BigData Workflow Engine for Hadoop, Hbase, Netezza, Pig, Hive, Cascalog ...

Glue Clojure

TOC

Overview

Glue supports writing workflows in 100% clojure.

The GlueContext object is made available to the scripts using the glue/ctx and context variables.

From the GlueContext all modules are accessed via the marcos (ctx- method args)

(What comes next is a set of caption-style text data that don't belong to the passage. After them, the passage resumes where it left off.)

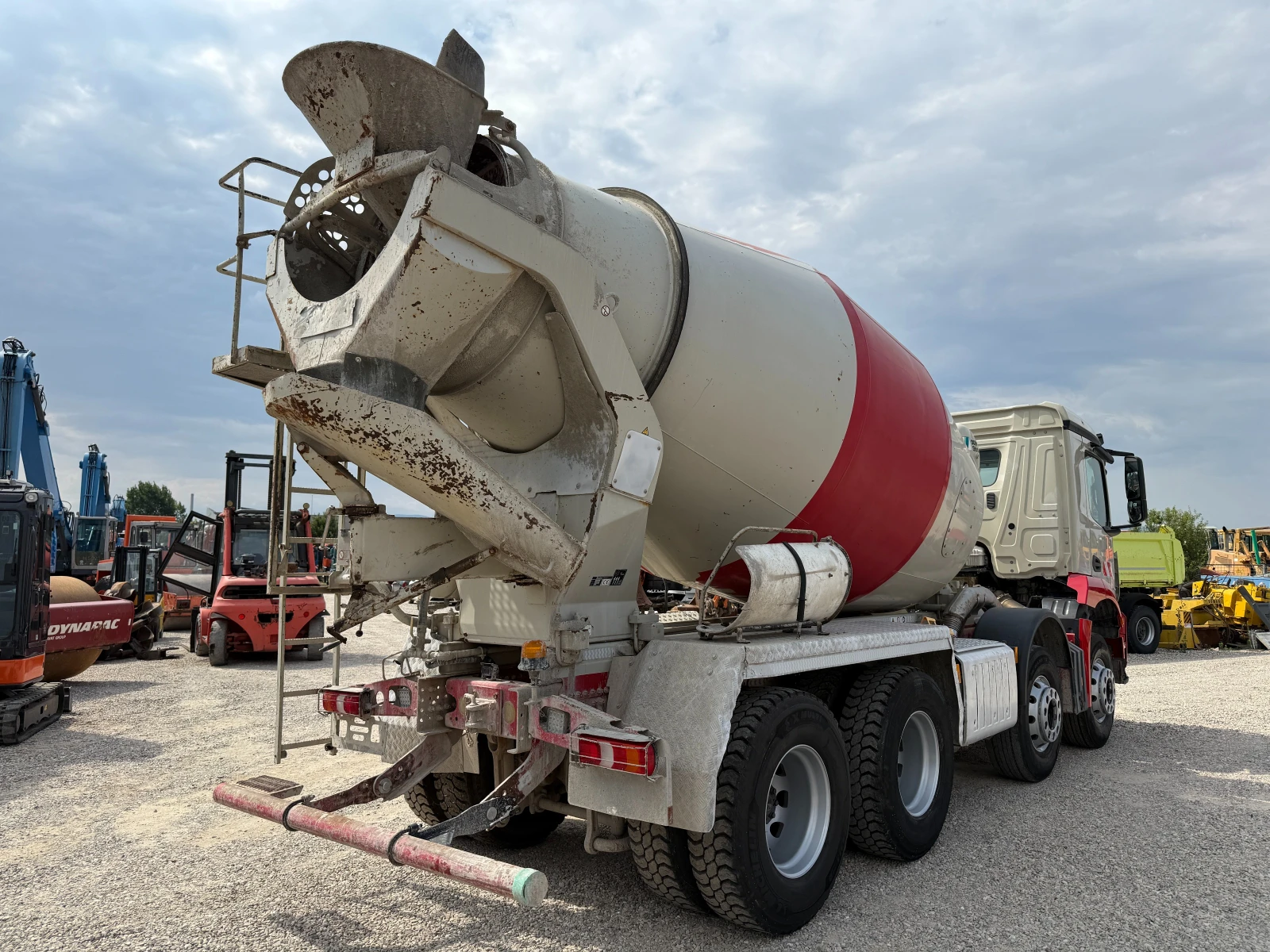 Бетон миксер Mercedes Arocs 3240 - изображение 8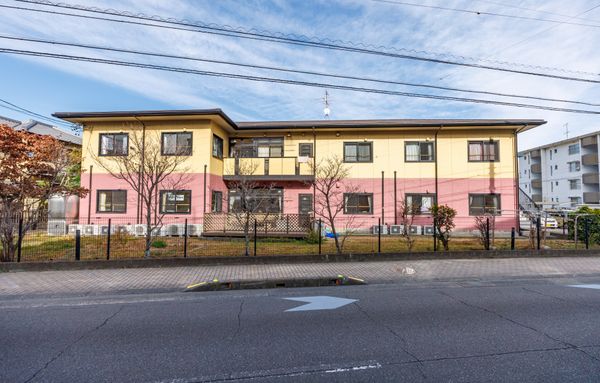 二階建ての建物外観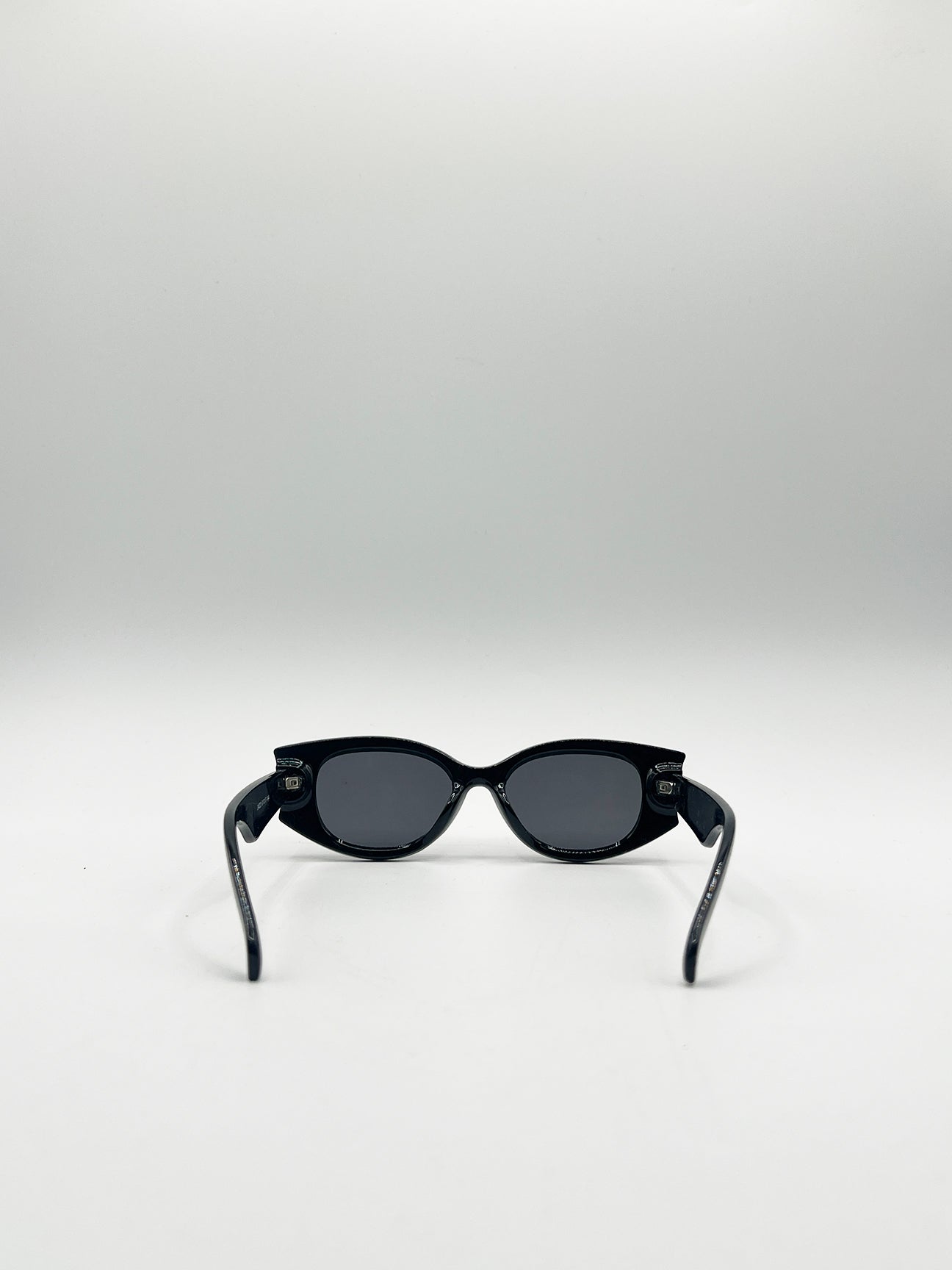 Oval Rectangular Vintage Sunglasses in Black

Lets say we have a sql module in /opt/glue/conf/wofkflow_modules.groovy

(def rs (glue/ctx-sql eachSqlResult "glue" "select * from unitfiles"))

(take 10 rs)

Workflow naming

All workflow names must be free of '-' or '_' i.e only use "uploadfiles.clj" and not "upload-files.clj"

Repl

For testing, adhocs and quick debugging the Clojure Repl can be used.

To start the repl type:

glue -rpel clojure -name <a workflow name for use with triggers>

The name is only usefull when you want to use triggerStore2 methods such as listReadyFiles

Most methods in Glue Modules take a Context object as the first parameter, in the workflow itself the method call is intercepted and the context is put in automatically. In the repl this does not happen so you'll need to pass in the Context on each method call.

The Context is available as "glue/ctx"

Lazy Sequences

The Glue Modules contain methods that return collections, where it makes sense Clojure Lazy sequences have been used in the modules. For examples see the SQLModule.groovy's eachSqlResult method.

Closures

Glue and all of its modules are written using Closures. All of the modules accept either Runnable or Callable instances.

Closure functions are runnable and callable and can thus be used where you see a Closure as an argument in the documentation.